Merging the practice of mindfulness with the practice of yoga has led the way to a new and more intensive form of “Mindful Yoga.” Mindful yoga applies traditional Buddhist mindfulness teachings to the physical practice of yoga; it is the holistic approach of connecting your mind to your breath. Before we go any further, let us start with a brief overview of mindfulness and yoga, on their own.
According to meditation teacher, Guy Armstrong:
“Mindfulness is knowing what you are experiencing while you are experiencing it. It is moment-to-moment awareness, has the quality of being in the now, a sense of freedom, of perspective, of being connected, not judging” (Sridhar, n.d.).
Jon Kabat-Zinn—referred to by some as the father of mindfulness—says:
“Mindfulness means paying attention in a particular way; On purpose, in the present moment, and nonjudgmentally” (Sridhar, n.d.).
Mindfulness is simple yet it is complex, in that, it is a way of training yourself to simply focus on whatever is happening in the present moment, yet it can be one of the most transformational tools for personal and spiritual development. It’s no wonder it has been a buzzword in our modern world, with athletes, corporations and wellness professionals alike, all claiming its incredible benefits.
Benefits of practicing mindfulness include, but are not limited to: increased concentration, memory, immunity to colds and diseases, feelings of happiness and contentment; reduction in chronic pain, blood pressure, stress, anxiety, and depression (Moss, 2018).
Mindfulness practice has deep roots in Buddhist tradition, but you certainly do not need to be a Buddhist in order to apply its teachings and techniques to your life.
The definition of “yoga” is a bit more complex, as there is no single definition of the word, though in Sanskrit the literal translation is “union.” It is described as a state of connection and a body of techniques that allow us to connect to anything. The experience of having a conscious connection to something is a state of yoga—a joyful, blissful, fulfilling experience (Saraswati, n.d.).
The term “yoga” is also used to describe a comprehensive practice and a way of life.
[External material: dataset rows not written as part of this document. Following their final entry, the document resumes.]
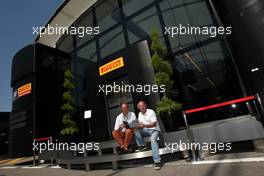 22.05.2011 Barcelona, Spain,  Eric Van De Poele (BEL), Belgium TV RTBF and Jacques Laffite (FRA), French TV TF1  - Formula 1 World Championship, Rd 05, Spainish Grand Prix, Sunday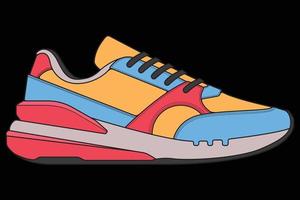 zapatos de zapatillas vectoriales para entrenamiento, ilustración vectorial de zapatos para correr. calzado deportivo a todo color. vector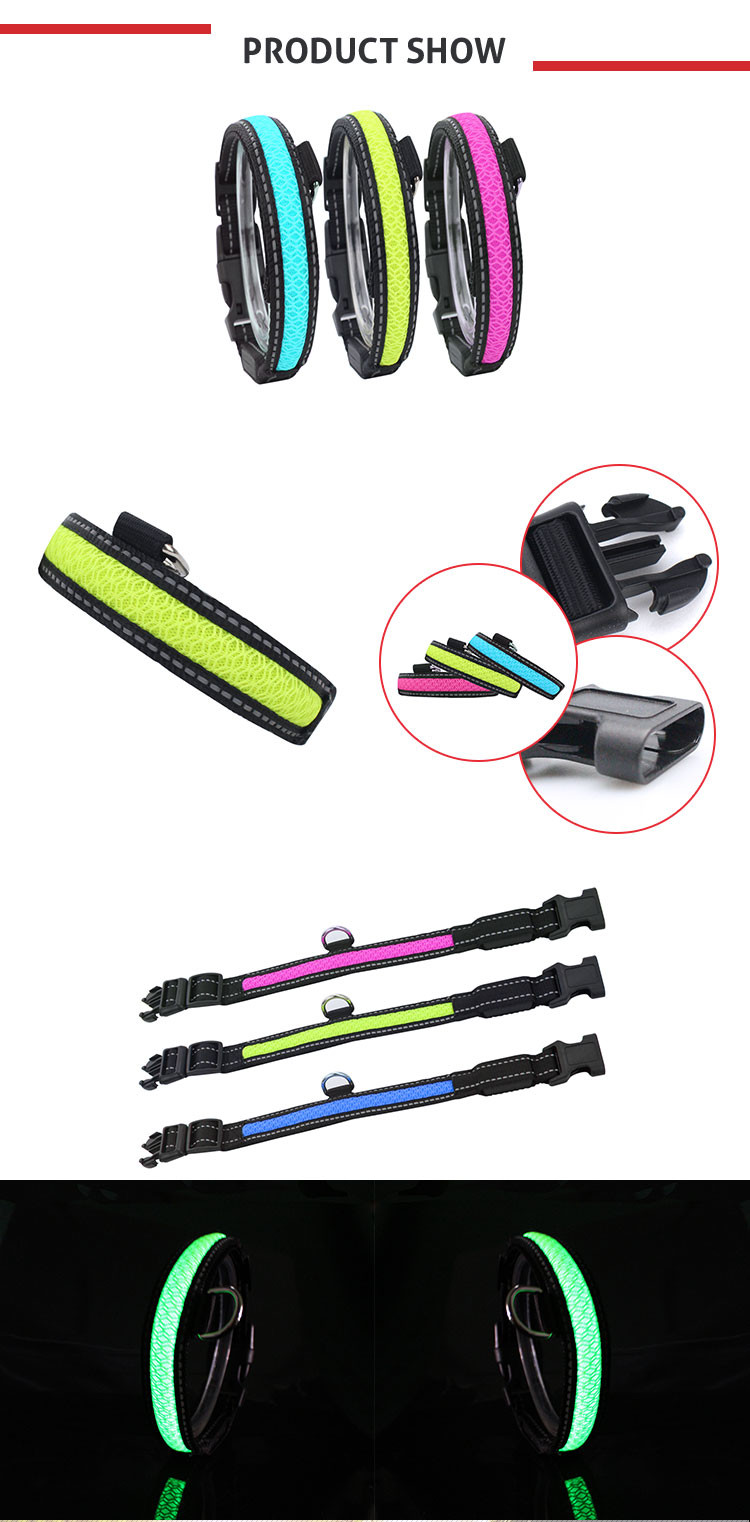 Pet Nylon Luminous Fluorescent LED Dog Collar Leashed in Dark Size S / M / L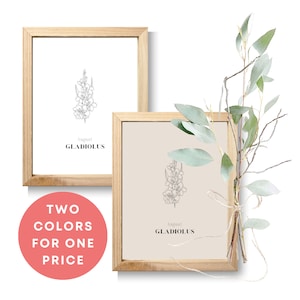 August Gladiolen Geburtsblume druckbare Wandkunst, Sommer botanische Dekoration, Geburtsmonat Blume minimalistische Linie Blumenkunst, Geschenk für Löwe-Sternzeichen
It is estimated to be at least 5,000 years old, originating in India and brought to the west in the 1920s (Joshi, 2018). Yoga has been described as the ancient Indian science of self-realization, or the ancient science of self-culture. Or as the renowned sage, Patanjali, puts it, yoga is “a method to stop thought waves” (Yogamandiram, 2017).
The real secret to yoga can possibly be summed up in one word: awareness (Saraswati, n.d.). To many, the modern day understanding and practice of yoga is quite different, and perhaps quite a bit removed from its traditional meaning.
“Modern yoga is a physical activity consisting largely of postures called asanas, often connected by flowing sequences called vinyasas, sometimes accompanied by the breathing exercises of pranayama, and usually ending with a period of relaxation or meditation” (De Michelis, 2017).
According to the “Yoga Sutras” (ancient texts written by Patanjali), yoga asana is just one of yoga’s eight limbs (Joshi, 2018), but for the purposes of understanding today’s modern practice of “mindful yoga,” we will stop here.
What Is Mindful Yoga?
Mindfulness has always been an essential aspect of the physical practice of yoga. The difference between Mindful Yoga and the wide variety of yoga practices out there is that with Mindful Yoga, the main focus is on mind-body awareness, as opposed to alignment details and the exact physical posture. The point is to cultivate mindfulness, using asana as the vehicle in which to do so.
Bringing mindful awareness to any physical activity creates an alert focus to whatever you are doing in that exact moment, thereby transforming the movement into a form of meditation. Therefore mindful yoga is considered to be a form of meditation, and/or it is very often practiced before a formal meditation sitting.
Another characteristic of this type of yoga is its emphasis on observing rather than reacting. Although this should always be the case in yoga, this practice, in particular, places great importance on observing your mind and feelings while you are acting out the yoga pose.
Mindful yoga is a key component of the popular eight-week evidence-based program, Mindfulness-Based Stress Reduction (MBSR)—a practical training program developed by Professor Jon Kabat-Zinn, that assists people with stress, anxiety, depression, and pain. (Kabat-Zinn, 2005)
Most indicatively, mindful yoga applies traditional Buddhist mindfulness teachings to the physical practice of yoga, as a way to strengthen awareness and presence both on and off the yoga mat. Specifically, this type of yoga applies the Buddha’s Four Foundations of Mindfulness to systematically cultivate self-awareness and compassion through non-judgment, patience, beginners mind, trust, non-striving, letting go, and gratitude (Boccio, 1993).